══ Provided data

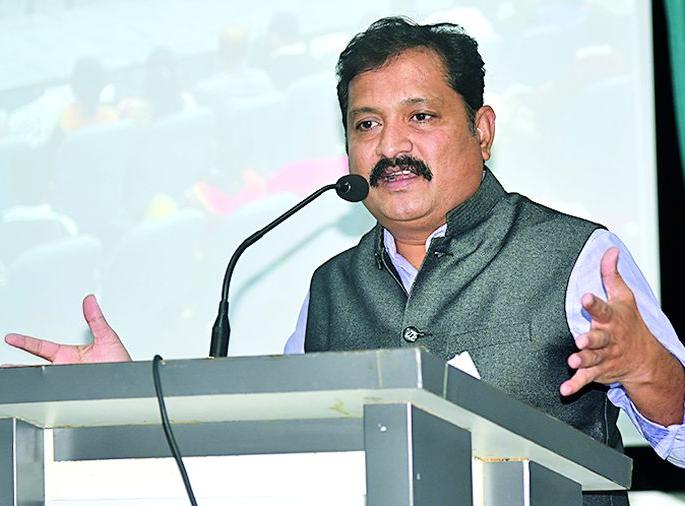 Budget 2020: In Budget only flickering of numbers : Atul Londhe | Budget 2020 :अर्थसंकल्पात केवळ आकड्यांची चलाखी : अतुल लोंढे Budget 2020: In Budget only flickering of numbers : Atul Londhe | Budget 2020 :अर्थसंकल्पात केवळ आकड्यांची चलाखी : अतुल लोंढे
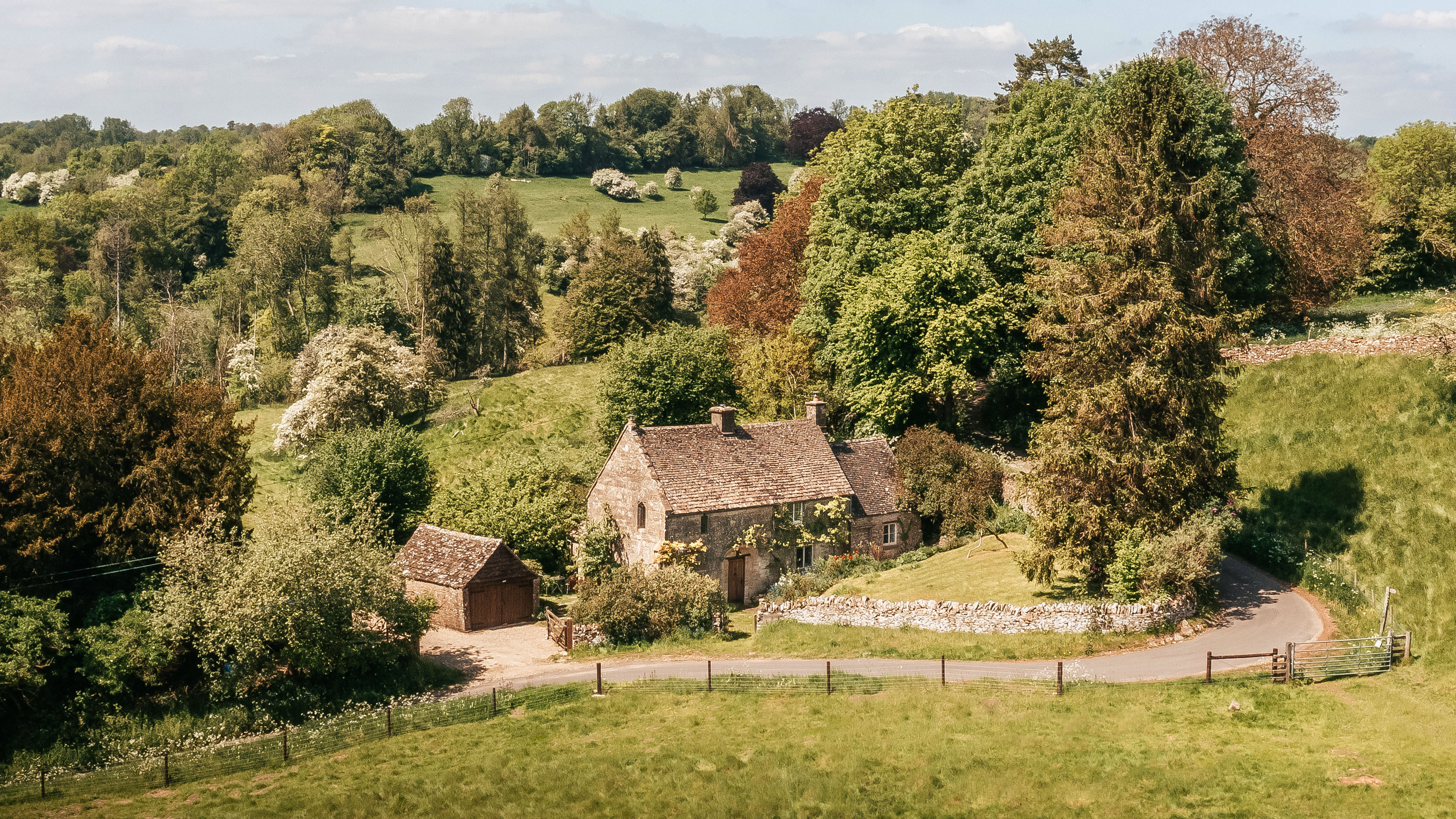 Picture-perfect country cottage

════
══ Provided data

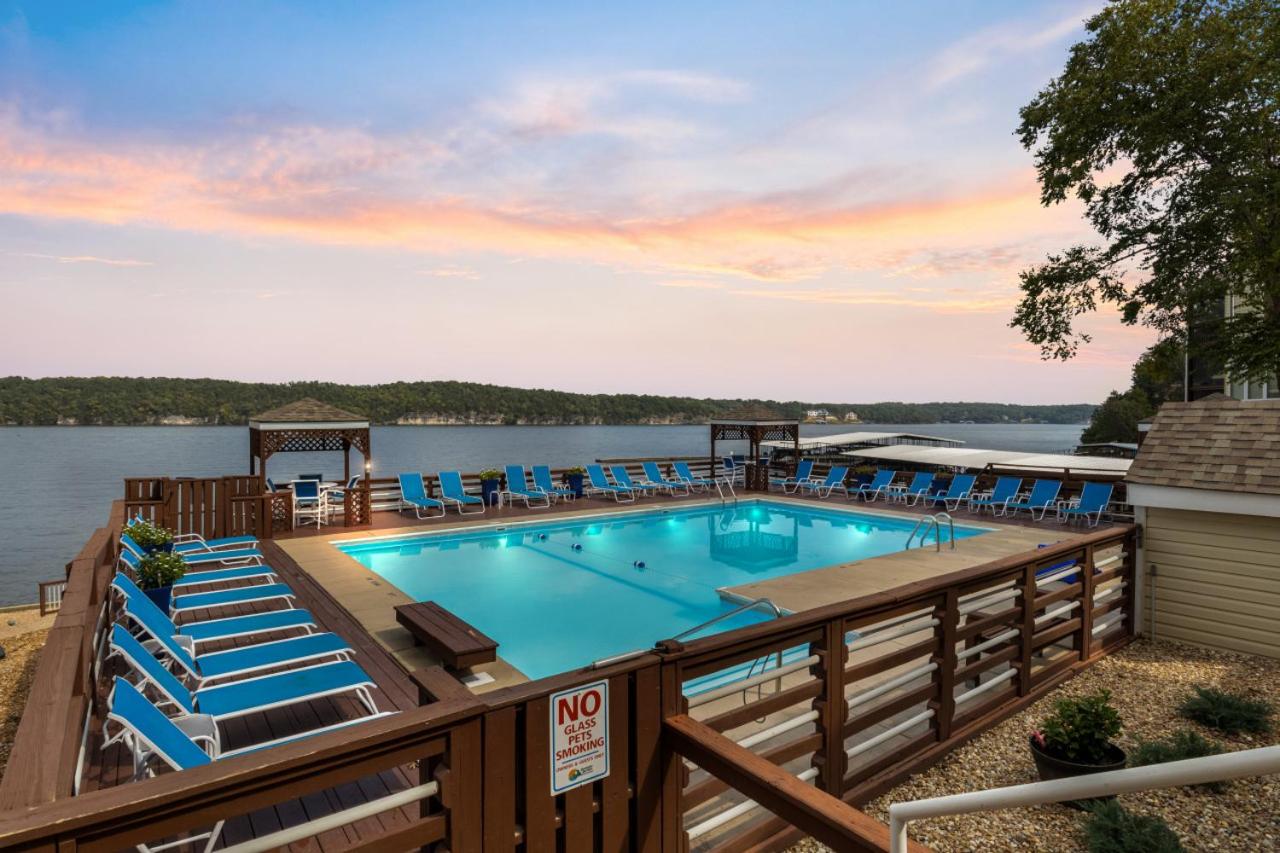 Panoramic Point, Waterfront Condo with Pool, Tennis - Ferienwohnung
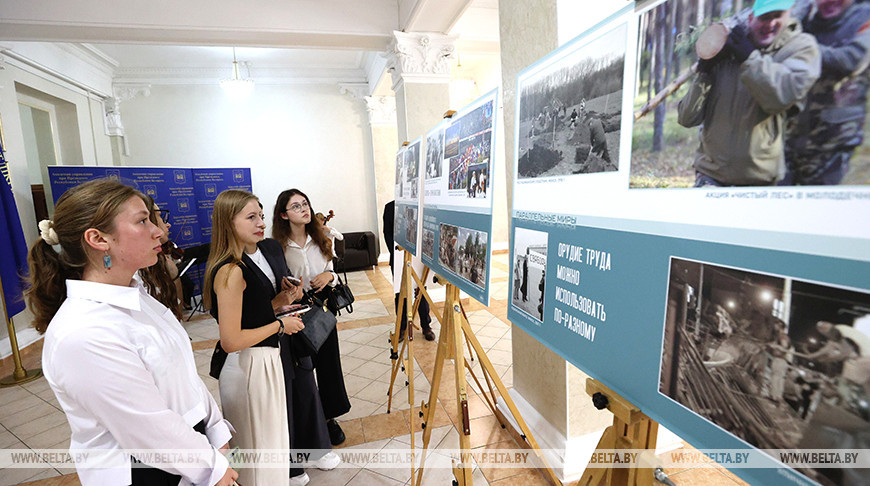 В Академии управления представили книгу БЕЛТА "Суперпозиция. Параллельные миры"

════

■ **Task statement**: Using the listing above, restate exactly the range between the lines holding "अतुल लोंढे Budget" and "Picture-perfect country cottage", inclusive, with pictures left out.

■ **Expected output**:
 Budget 2020: In Budget only flickering of numbers : Atul Londhe | Budget 2020 :अर्थसंकल्पात केवळ आकड्यांची चलाखी : अतुल लोंढे Budget 2020: In Budget only flickering of numbers : Atul Londhe | Budget 2020 :अर्थसंकल्पात केवळ आकड्यांची चलाखी : अतुल लोंढे
 Picture-perfect country cottage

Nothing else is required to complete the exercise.